IoT is taking the management of our electric infrastructure to the next level. The smart grid consists of two-way electronic communication between the electric utility and its consumers to quickly respond to changing electricity needs. More efficient electricity transmission, quicker restoration after an outage, reduced operating costs, integration of renewable energy sources and consumer-owned power generating systems, and reduced peak demand are just a few of the benefits of a smart electric grid.
The Connected Car:
From the monitoring of internal car systems to driving assistance, emergency management, driver safety, fleet management and predictive maintenance, car manufacturers are continuously working to improve our safety, comfort, and overall driving experience.
Application opportunities for healthcare are vast as patients, physicians and healthcare facilities can all benefit. IoT devices connected to EHR systems help keep patients healthy and improve the level of care doctors provide while doctor’s offices, hospitals and other healthcare facilities are able to keep track of inventory.
The Smart Factory:
The smart factory is moving beyond simple monitoring for impending equipment failure, to intelligent product and supply chain management where systems coordinate the factory’s manufacturing and distribution and update management on aftermarket services like product repairs.
From plane engines to wing flaps to landing gear, today’s planes are fully connected networks in themselves, delivering real-time information on performance and maintenance from takeoff to landing. Just one Boeing 787 jet can produce more than a third of a terabyte of data per flight.
Fog computing and the Internet of Things is the new technology frontier which is just now beginning to come into focus.
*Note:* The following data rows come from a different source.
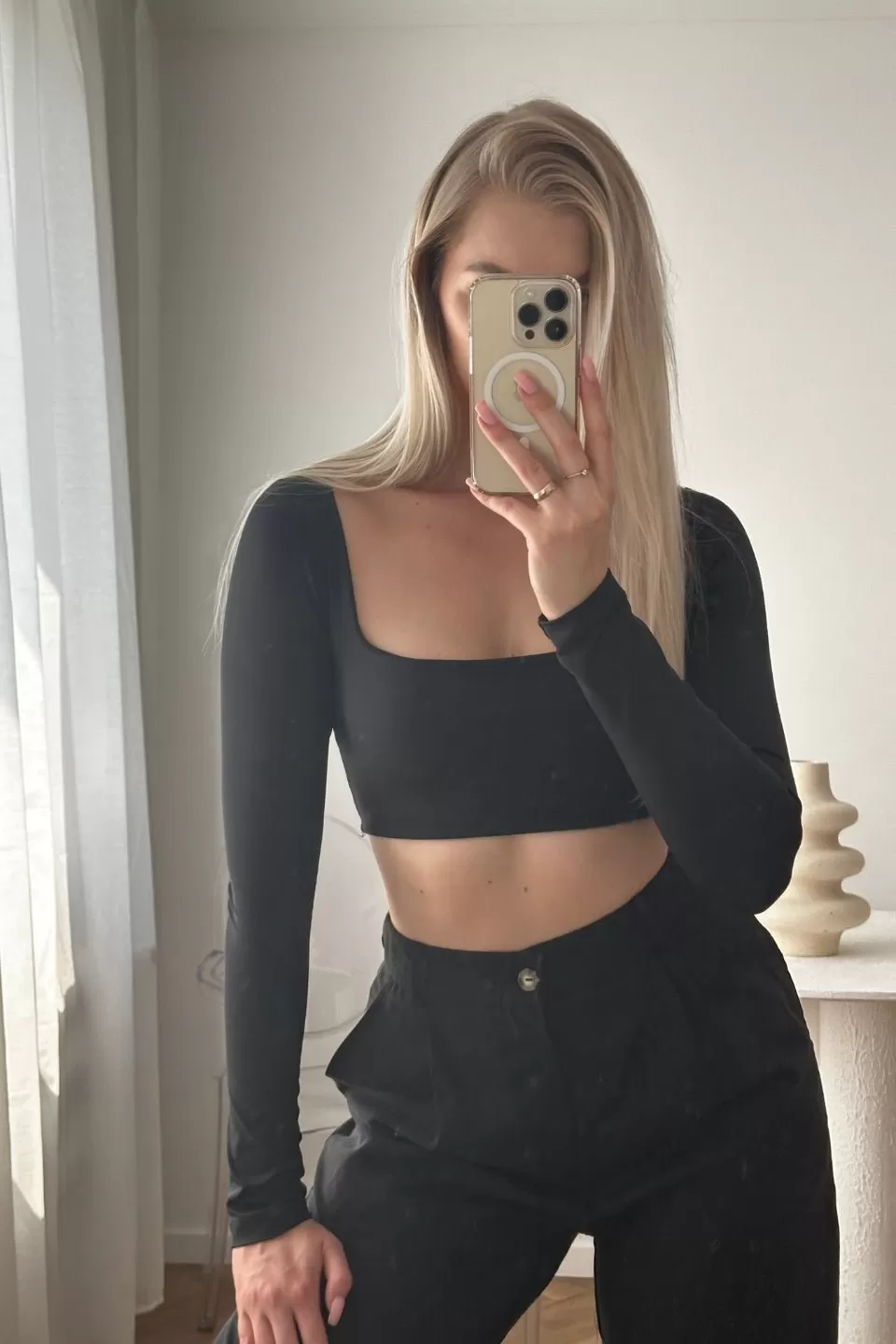 Crop Top z dugim rkawem PATRICIA - czarny sportowy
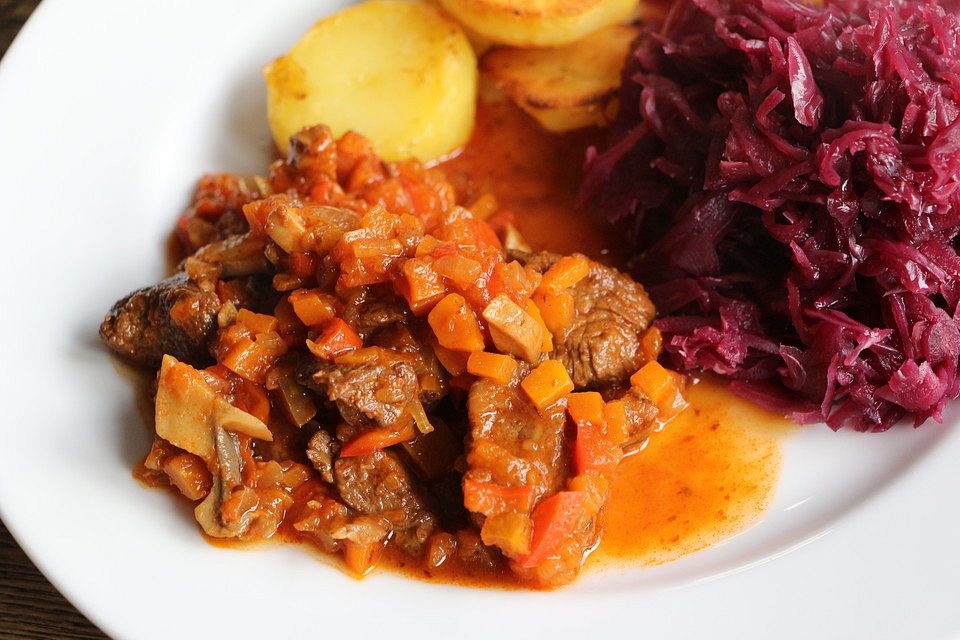 Pikantes Gulasch mit Möhren und Paprika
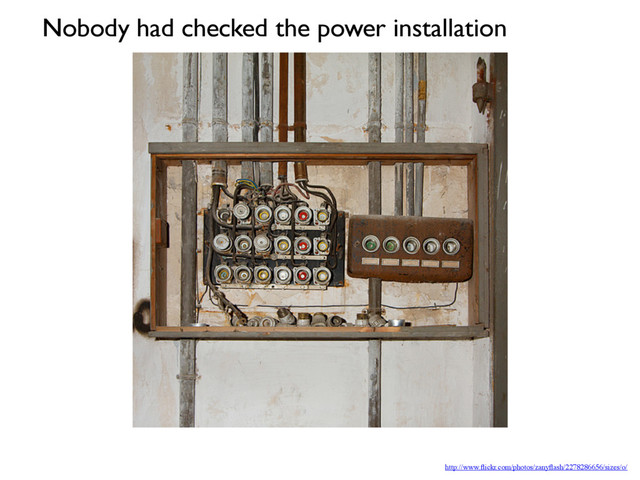 http://www.ﬂickr.com/photos/zanyﬂash/2278286656/sizes/o/
Nobody had checked the power installation
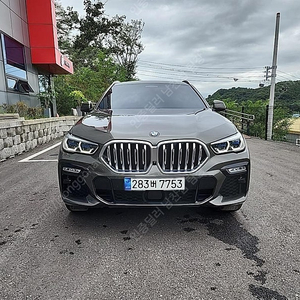 BMW X6 중고차 할부 개인사업자 차량구매 수입중고차 회색 2021년식 53,555km xDrive 40d M 스포츠 실시간 차량견적문의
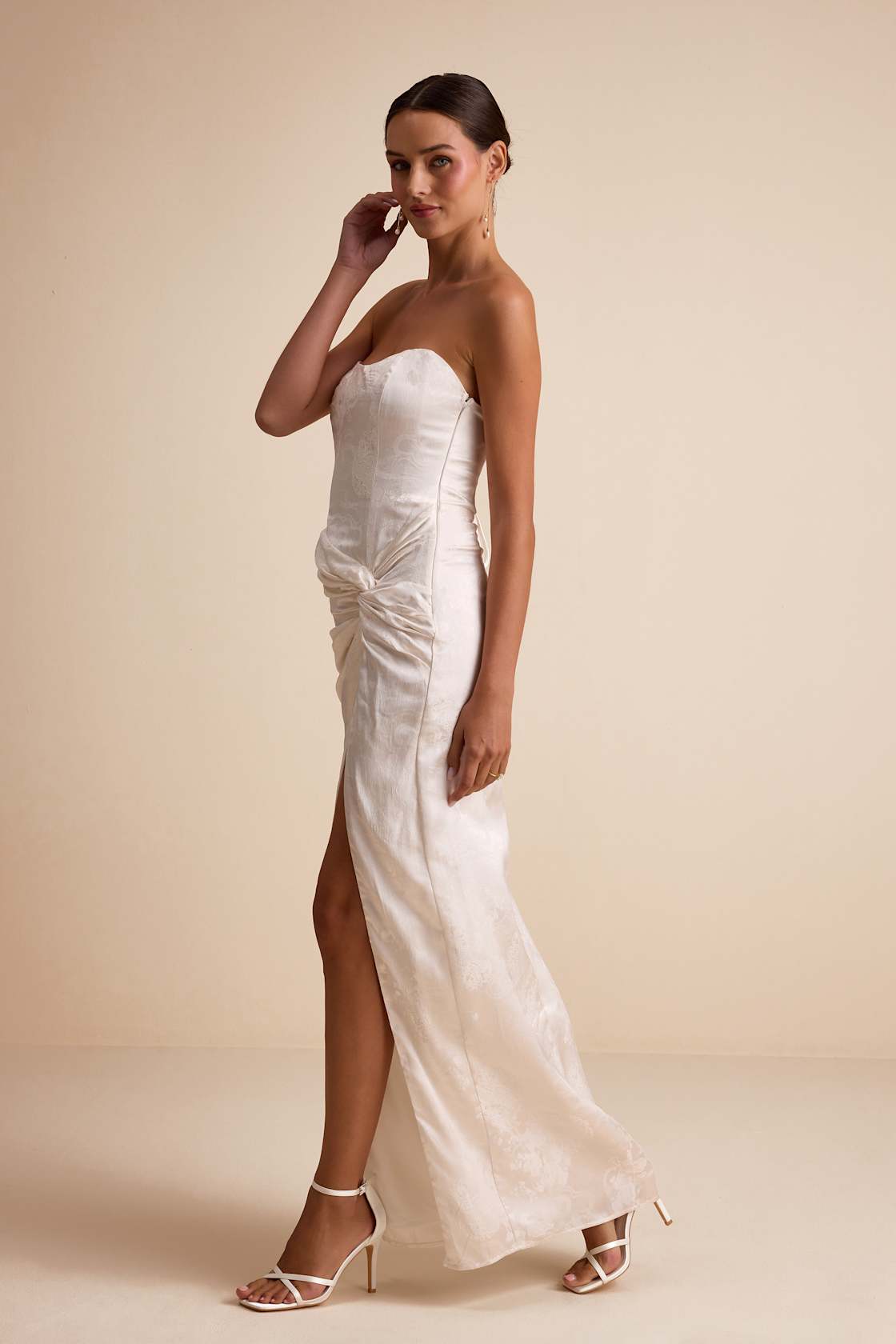 JACQUARD STRAPLESS TWIST-FRONT MAXI DRESS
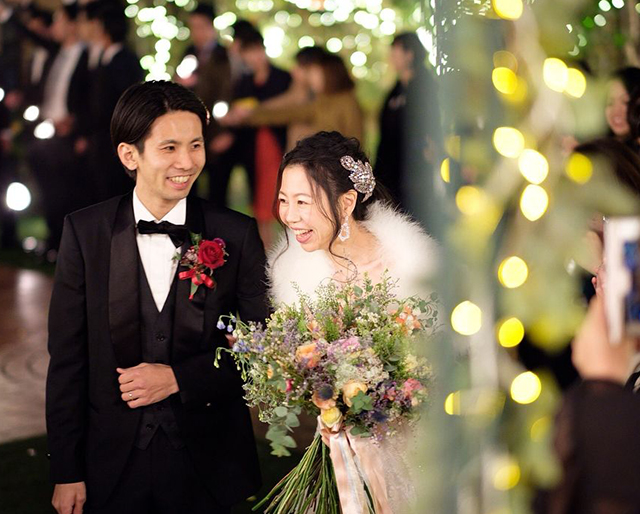 ナイトウェディングとは 魅力やおすすめ演出 気になる相場や注意点まで徹底解説 結婚ラジオ 結婚スタイルマガジン ナイトウェディングとは 魅力やおすすめ演出 気になる相場や注意点まで徹底解説 結婚ラジオ 結婚スタイルマガジン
Fog computing is not going to replace the cloud but act as a supplement to it, playing a critical role when needed but enabling the cloud to continue to play its role as well.
While fog computing and edge technologies meet the requirements for speed of analysis, deeper insights and immediacy of response, cloud computing will continue to be used for analysis over time, big data analytics and long-term storage. Both have their place in helping companies improve agility, lower costs and achieve their computing and business needs.